Stevie adds: “It talks about growing up on streets you love they make you who you are.”
As the heady business of promoting the album takes over, Stevie says his family have been “taking it all in their stride”.
He adds: “They want it as much as I want it. My brothers have been going out again with posters, this time to promote the album!”
And a year on from his Voice success, he is still regularly spotted in the streets and still relishing the fame.
“Most places I go, especially in Scotland, I get recognised a lot.
“I’ll often hear people whispering: ‘There’s Stevie’. I later get messages from people saying: ‘I was too shy to say hello’. I’d actually prefer it if people came up to me and said hi! It’s good people going out and being recognised. I’m happy to chat.”
One of the greatest accolades has come from one of his smallest fans, though.
He adds: “My daughter Bibi said: ‘You are a great singer’. She’s three years-old. That’s the biggest compliment I can get!”
At the time of the interview, Stevie was in two minds about whether to watch the new series of The Voice.
“It’s hard to accept it’s all over,” he admits.
“I’ll be performing on the show in March, which will be really exciting!”
And March will be a crucial month for Stevie’s long-term plans.
While he pursues his musical dreams, he is still officially on a career break from the fire service and he has until the end of that month to decide whether or not he’s going to get back into uniform.

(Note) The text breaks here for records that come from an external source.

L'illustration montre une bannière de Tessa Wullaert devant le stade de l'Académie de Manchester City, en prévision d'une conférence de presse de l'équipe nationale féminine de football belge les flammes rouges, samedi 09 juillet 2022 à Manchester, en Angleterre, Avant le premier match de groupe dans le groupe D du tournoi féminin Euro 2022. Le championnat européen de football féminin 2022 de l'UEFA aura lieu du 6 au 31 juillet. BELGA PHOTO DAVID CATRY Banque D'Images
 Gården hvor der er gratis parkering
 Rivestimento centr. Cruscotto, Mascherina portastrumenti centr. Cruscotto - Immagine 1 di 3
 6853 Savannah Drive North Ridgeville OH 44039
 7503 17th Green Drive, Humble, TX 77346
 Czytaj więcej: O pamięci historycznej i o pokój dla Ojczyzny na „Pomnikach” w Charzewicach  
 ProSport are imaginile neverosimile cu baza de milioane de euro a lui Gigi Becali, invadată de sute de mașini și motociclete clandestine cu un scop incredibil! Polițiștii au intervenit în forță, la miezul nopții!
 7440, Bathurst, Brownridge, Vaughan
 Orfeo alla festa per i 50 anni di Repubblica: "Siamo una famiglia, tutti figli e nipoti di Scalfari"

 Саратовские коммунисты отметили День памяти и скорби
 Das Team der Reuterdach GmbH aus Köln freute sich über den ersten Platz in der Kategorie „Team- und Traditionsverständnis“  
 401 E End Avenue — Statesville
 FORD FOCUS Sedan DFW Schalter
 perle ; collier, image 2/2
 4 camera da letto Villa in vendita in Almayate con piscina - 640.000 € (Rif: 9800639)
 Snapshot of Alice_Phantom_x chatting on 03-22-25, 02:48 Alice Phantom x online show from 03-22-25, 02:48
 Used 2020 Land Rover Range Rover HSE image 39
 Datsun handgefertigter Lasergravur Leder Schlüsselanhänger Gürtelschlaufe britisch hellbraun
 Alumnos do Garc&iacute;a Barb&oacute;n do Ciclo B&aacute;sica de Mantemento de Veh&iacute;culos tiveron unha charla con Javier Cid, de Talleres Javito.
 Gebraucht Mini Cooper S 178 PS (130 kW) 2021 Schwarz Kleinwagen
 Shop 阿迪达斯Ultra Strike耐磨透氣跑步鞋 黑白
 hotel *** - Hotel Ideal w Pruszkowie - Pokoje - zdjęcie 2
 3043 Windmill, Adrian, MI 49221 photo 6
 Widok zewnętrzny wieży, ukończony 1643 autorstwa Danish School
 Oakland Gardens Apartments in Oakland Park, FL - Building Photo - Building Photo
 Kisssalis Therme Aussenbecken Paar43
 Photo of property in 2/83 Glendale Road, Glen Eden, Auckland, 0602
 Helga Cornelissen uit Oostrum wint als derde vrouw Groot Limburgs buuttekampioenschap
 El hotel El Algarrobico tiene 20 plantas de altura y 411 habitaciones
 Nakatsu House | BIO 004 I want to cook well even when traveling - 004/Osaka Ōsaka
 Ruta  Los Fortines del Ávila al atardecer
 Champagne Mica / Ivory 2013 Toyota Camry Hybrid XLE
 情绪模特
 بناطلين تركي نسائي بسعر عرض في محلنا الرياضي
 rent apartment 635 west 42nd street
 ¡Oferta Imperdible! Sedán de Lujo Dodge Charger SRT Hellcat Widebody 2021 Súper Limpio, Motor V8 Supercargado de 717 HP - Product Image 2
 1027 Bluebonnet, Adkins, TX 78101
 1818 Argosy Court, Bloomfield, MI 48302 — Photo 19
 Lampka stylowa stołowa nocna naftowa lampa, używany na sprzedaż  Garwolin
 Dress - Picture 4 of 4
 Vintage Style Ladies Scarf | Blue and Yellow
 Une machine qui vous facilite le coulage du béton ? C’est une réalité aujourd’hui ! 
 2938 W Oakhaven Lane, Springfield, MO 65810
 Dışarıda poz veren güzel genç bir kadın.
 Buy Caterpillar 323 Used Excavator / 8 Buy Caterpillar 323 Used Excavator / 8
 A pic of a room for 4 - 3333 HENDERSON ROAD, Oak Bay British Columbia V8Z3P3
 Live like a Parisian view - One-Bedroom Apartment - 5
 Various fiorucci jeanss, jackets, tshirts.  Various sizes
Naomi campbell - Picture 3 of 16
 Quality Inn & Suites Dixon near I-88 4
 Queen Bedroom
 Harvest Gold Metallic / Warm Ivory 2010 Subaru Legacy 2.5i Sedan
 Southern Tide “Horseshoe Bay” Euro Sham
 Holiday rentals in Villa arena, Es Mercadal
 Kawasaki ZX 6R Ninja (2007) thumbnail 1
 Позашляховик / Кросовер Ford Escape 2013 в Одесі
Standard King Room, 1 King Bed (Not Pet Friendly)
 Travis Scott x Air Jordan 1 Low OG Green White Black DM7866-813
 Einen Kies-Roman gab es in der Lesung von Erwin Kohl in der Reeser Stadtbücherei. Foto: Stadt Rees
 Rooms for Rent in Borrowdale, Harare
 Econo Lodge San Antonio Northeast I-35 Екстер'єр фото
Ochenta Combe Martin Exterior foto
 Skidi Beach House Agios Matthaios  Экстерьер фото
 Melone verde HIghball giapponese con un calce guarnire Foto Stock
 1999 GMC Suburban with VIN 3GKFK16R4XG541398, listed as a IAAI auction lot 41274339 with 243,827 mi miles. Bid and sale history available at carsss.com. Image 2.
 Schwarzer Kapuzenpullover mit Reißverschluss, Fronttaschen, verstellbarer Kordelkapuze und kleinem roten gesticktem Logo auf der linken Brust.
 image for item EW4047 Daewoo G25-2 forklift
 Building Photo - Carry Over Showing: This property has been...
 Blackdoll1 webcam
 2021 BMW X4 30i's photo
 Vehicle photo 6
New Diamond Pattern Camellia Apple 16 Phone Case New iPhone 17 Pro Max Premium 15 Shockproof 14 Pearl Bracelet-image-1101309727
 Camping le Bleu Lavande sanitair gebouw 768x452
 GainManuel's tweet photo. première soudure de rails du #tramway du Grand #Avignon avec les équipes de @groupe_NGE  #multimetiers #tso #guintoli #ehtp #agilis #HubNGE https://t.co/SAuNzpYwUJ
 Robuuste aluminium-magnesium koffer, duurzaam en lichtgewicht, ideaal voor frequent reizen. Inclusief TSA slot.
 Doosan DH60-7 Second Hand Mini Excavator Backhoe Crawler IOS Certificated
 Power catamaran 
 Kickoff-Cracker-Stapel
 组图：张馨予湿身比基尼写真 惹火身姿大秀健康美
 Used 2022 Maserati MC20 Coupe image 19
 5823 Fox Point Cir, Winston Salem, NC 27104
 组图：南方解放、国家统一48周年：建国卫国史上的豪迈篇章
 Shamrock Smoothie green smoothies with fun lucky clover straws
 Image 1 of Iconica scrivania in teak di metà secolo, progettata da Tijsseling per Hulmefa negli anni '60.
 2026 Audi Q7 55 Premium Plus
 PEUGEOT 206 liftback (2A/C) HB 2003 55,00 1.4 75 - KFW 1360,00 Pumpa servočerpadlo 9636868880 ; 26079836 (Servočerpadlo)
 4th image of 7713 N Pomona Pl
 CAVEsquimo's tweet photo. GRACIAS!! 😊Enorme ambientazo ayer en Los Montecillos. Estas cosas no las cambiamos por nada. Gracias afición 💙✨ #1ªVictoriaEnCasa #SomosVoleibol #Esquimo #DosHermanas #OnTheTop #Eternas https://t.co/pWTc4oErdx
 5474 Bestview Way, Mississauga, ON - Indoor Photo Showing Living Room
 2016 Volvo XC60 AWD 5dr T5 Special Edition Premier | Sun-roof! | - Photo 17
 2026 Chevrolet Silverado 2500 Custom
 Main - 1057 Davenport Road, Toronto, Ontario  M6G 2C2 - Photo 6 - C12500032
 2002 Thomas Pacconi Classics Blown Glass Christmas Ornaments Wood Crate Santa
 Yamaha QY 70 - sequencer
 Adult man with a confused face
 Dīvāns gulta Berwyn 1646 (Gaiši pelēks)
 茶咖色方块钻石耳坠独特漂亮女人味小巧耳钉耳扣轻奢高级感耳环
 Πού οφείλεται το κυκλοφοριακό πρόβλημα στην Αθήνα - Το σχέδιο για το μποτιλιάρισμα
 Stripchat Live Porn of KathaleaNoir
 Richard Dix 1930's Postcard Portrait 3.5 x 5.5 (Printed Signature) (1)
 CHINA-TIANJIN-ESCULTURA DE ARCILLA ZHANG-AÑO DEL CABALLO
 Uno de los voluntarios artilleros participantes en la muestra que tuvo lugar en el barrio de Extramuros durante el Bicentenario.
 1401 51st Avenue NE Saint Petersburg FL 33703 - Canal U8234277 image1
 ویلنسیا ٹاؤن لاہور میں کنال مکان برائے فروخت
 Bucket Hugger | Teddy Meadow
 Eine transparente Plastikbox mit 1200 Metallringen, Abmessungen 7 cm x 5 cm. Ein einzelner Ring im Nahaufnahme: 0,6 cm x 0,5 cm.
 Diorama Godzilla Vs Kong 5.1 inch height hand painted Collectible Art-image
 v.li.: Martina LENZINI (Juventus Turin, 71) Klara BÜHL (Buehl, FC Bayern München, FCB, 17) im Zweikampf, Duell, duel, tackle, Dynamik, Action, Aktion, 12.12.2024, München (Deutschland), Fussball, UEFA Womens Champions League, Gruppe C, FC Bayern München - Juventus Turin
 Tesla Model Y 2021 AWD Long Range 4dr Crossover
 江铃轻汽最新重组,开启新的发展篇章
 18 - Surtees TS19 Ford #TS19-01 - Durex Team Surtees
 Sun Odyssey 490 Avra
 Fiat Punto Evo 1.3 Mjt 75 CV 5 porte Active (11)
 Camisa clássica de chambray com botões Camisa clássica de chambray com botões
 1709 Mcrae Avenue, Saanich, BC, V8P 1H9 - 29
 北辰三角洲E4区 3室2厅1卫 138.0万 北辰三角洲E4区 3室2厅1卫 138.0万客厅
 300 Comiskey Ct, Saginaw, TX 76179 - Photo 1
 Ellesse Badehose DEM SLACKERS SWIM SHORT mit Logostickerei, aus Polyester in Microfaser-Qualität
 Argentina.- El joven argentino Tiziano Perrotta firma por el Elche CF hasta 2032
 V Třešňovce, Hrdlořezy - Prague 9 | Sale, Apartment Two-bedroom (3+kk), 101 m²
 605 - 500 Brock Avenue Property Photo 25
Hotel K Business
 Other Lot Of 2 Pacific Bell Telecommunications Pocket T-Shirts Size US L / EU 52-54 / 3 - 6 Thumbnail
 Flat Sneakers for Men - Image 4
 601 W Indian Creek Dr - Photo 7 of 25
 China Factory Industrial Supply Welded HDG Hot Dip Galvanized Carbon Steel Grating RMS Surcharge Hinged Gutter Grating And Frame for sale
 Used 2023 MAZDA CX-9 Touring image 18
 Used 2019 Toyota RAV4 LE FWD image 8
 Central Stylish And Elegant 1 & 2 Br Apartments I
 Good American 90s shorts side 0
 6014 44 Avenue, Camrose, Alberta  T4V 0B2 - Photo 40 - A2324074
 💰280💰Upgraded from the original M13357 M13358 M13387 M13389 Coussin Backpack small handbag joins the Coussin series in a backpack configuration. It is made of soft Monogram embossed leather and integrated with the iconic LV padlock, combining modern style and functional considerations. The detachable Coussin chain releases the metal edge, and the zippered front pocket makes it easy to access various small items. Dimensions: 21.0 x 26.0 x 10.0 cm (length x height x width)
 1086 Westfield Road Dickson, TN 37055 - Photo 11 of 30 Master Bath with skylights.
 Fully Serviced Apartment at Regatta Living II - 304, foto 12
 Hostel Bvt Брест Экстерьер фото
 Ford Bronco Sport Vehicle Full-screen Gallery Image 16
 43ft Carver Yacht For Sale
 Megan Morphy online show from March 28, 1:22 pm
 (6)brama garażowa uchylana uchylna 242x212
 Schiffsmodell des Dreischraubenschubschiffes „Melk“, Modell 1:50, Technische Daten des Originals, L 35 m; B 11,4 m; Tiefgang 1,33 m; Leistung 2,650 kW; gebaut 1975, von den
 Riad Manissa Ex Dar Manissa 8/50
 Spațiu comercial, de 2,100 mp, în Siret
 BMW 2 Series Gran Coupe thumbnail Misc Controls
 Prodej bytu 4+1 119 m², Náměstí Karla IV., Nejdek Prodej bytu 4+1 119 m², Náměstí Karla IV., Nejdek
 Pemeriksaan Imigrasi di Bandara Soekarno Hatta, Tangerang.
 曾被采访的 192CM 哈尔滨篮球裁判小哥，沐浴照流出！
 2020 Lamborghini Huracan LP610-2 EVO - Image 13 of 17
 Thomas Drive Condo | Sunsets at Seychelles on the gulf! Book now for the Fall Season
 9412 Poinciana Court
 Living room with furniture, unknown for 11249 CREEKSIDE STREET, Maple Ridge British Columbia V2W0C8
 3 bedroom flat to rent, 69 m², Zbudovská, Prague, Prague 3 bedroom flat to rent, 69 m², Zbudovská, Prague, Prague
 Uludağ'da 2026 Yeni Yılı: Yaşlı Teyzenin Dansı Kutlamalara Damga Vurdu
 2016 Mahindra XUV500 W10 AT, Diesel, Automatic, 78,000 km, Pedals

Some newspapers have reported that he is returning to his old career but he insists no decisions have been made.
He is still in touch with his old pals and has been getting good-natured “stick” from his former Kirkcaldy firefighter colleagues about where his album would chart.
That made him the butt of plenty of the jokes when he attended the fire station Christmas dinner in December.
“They were taking the mickey out of my likely chart position,” he recalls.
“They were not saying it would do particularly well, put it that way!”
And while he might not be running into burning buildings anymore, emotions are still running high.
“It’s definitely scarier releasing an album but I get a similar adrenaline rush,” he laughs.
“The fire service made me who I am and allowed people to connect with me. I’m going to stay closely linked to them whatever happens.
“The music business is a tough industry. If it doesn’t work out, I could go back.
“It would be heartbreaking if I had to but I could be going back to worse. I have to be positive. And so far it’s going really well.”